▶ Aim of the exercise: Please print the line that holds "Model wearing round" and each line after it to the end of the data, word for word, without any pictures.

▶ Dataset extract:

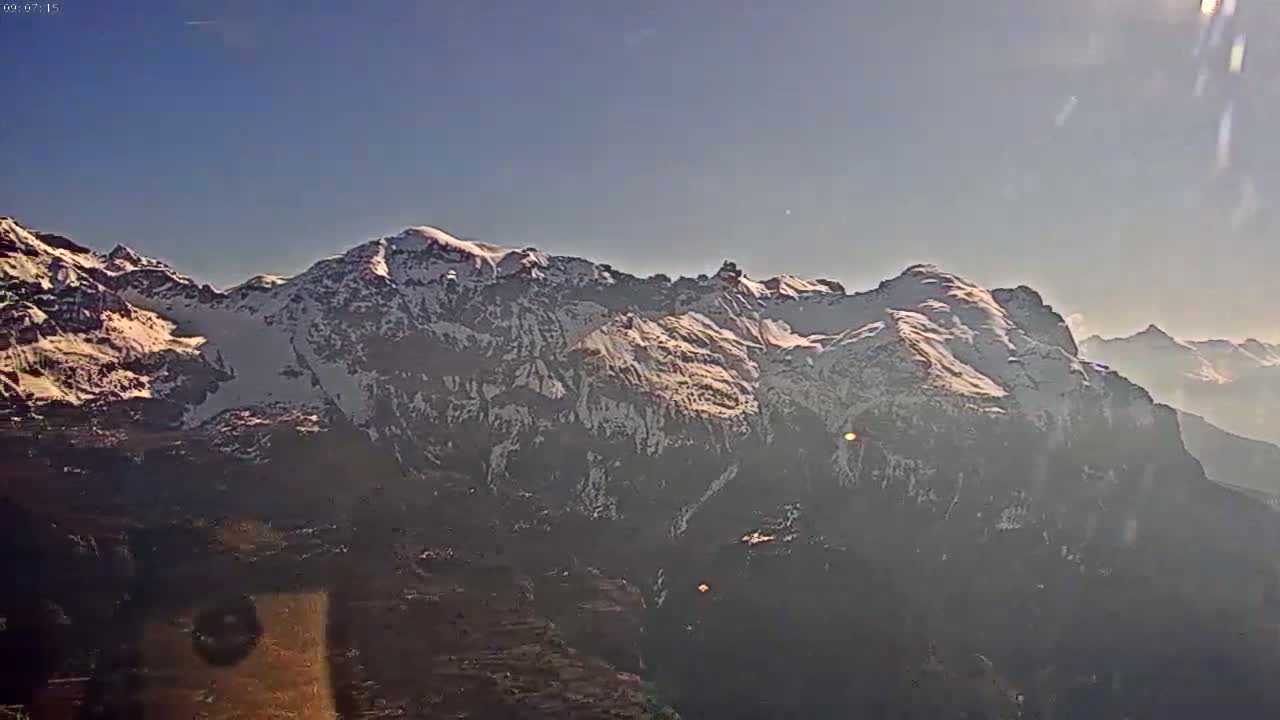 A snow-capped mountain range is visible under a clear blue sky.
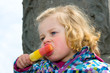 Foto: child is eating iced-lolly child is eating iced-lolly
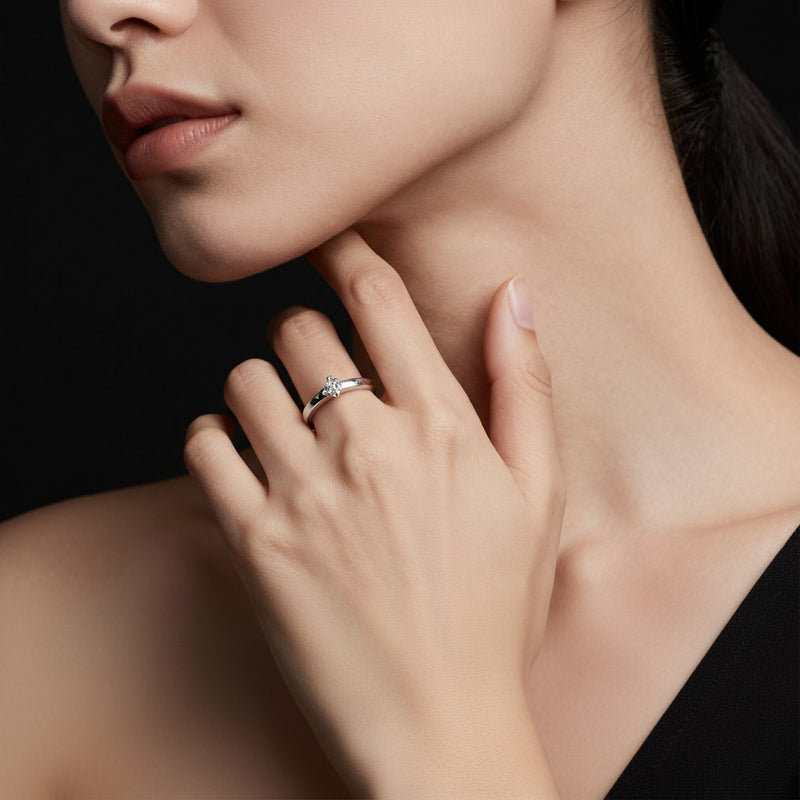Model wearing round plain cathedral trellis shank solitaire engagement ring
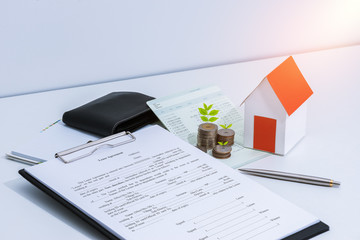 saving account passbook or financial statement, paper house model, and coins with Property Leasing...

▶ Exercise result:
Model wearing round plain cathedral trellis shank solitaire engagement ring
 saving account passbook or financial statement, paper house model, and coins with Property Leasing...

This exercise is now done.